Re: Passing (poison) nulls in cookies

[Pavel Kankovsky <peak () argo troja mff cuni cz>]

On Mon, 14 May 2001, Max Vision wrote:

> Since no one answered this I thought I'd share what I know about it.  It 
> looks like the show-stopper is indeed with environment variables.  You can 
> send nulls in cookies and it doesn't appear that apache does anything to 
> filter them.  However perl uses a bash-type shell by default, which to the 
> best of my understanding will always truncate an environment variable on a 
> null.

Bash or "bash environment" is not involved when CGI programs are invoked
(unless the program in question is a script interpreted by bash).

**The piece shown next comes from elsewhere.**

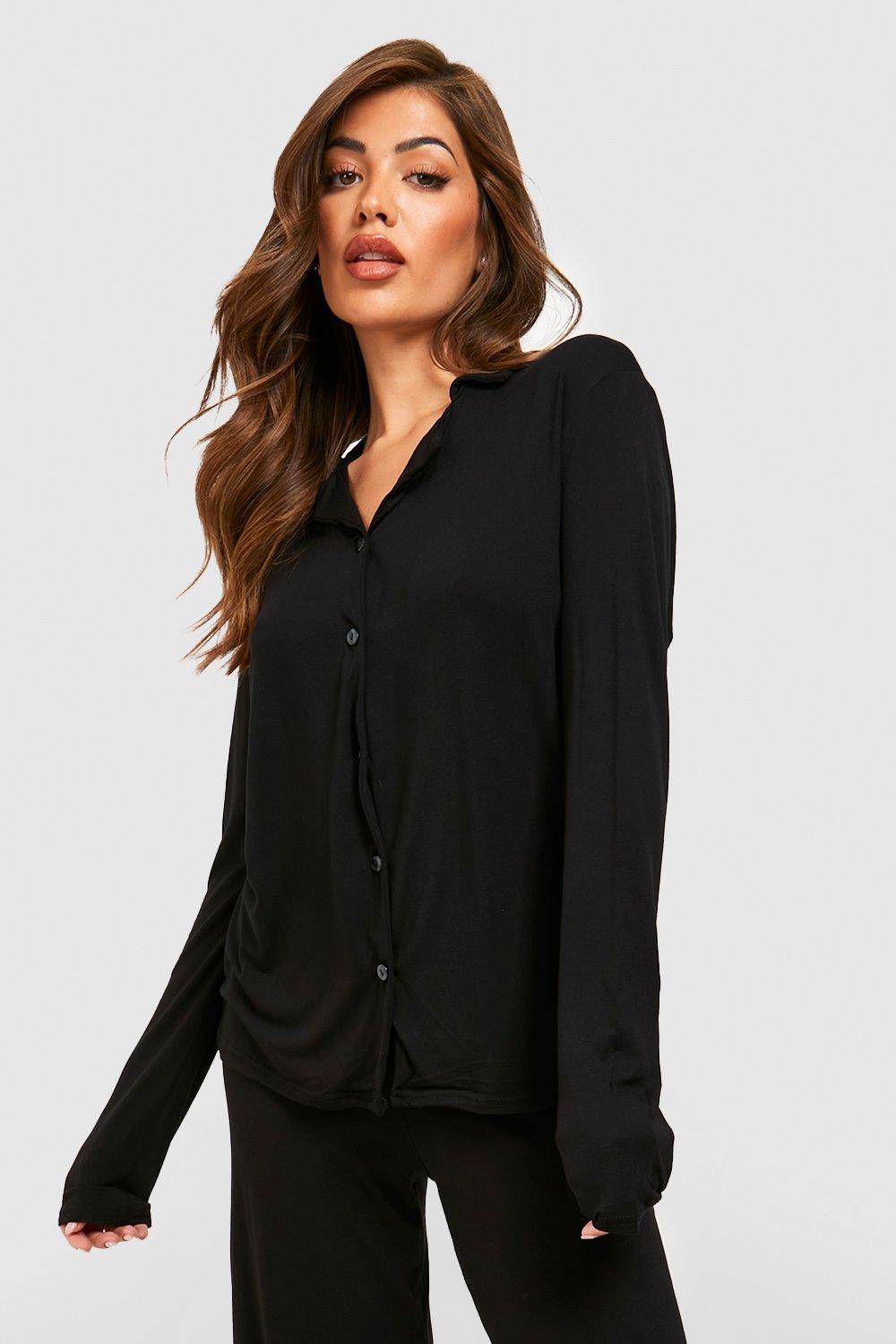 boohoo Jersey Chemise de Pyjama Boutonnée à Manches Longues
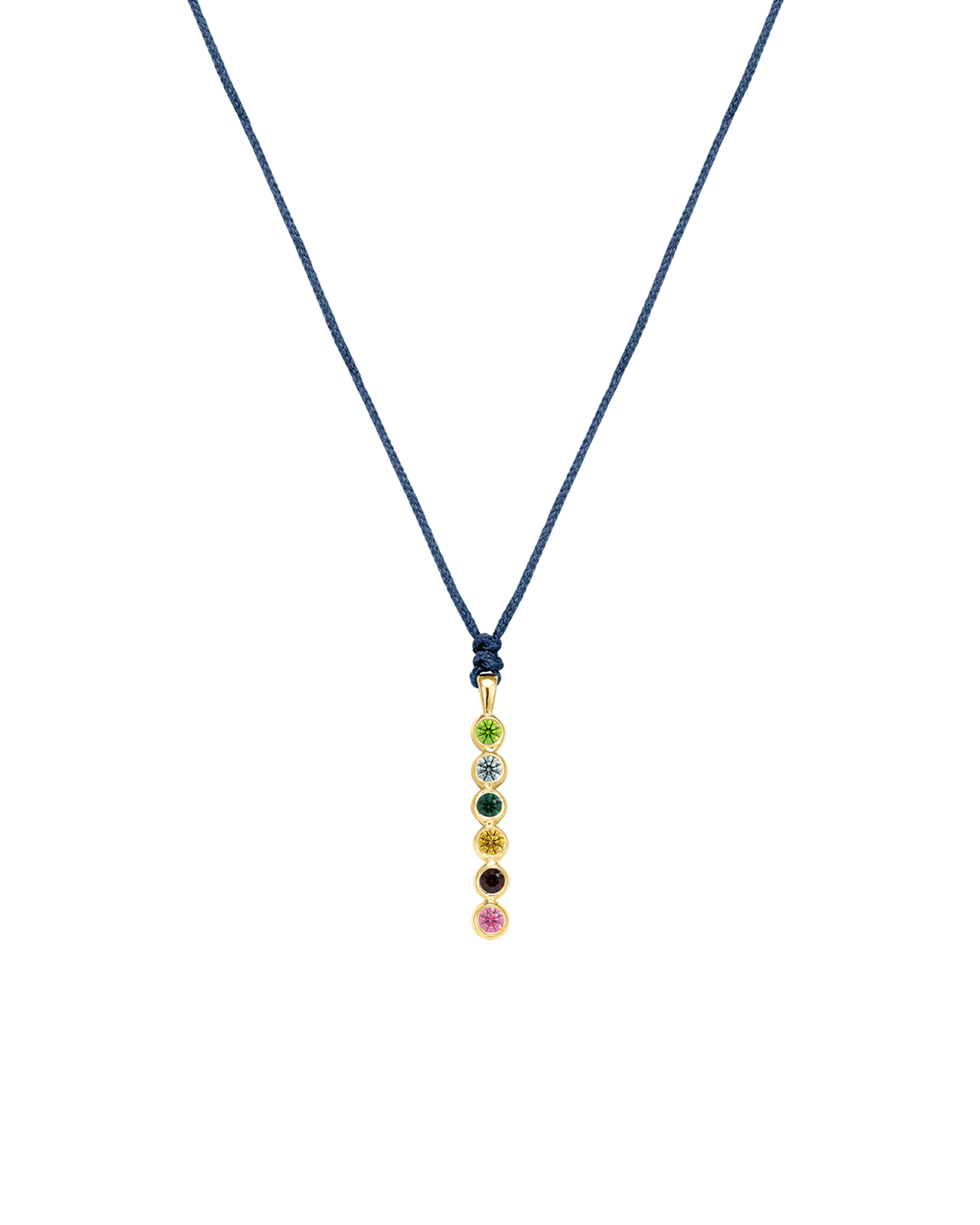The Birthstones Bar Necklace - 14K Yellow Gold Necklaces 14K Solid Gold Indigo 2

What is
involved is execve() system call: its specification says the environment
is a list of zero-terminated strings, ergo no string including '\0' can
ever be passed via an environment variable to another program.

> Here was what I saw:
>
>   bash,zsh: truncates at the null, "hi\x00there" becomes "hi"
>   csh,tcsh: converts null to space, "hi\x00there" becomes "hi there"
>   ash,ksh: removes the null, "hi\x00there" becomes "hithere"

The results of your tests are interesting but irrelevant unless the
value is read from an open file descriptor.

--Pavel Kankovsky aka Peak  [ Boycott Microsoft--http://www.vcnet.com/bms ]
"Resistance is futile. Open your source code and prepare for assimilation."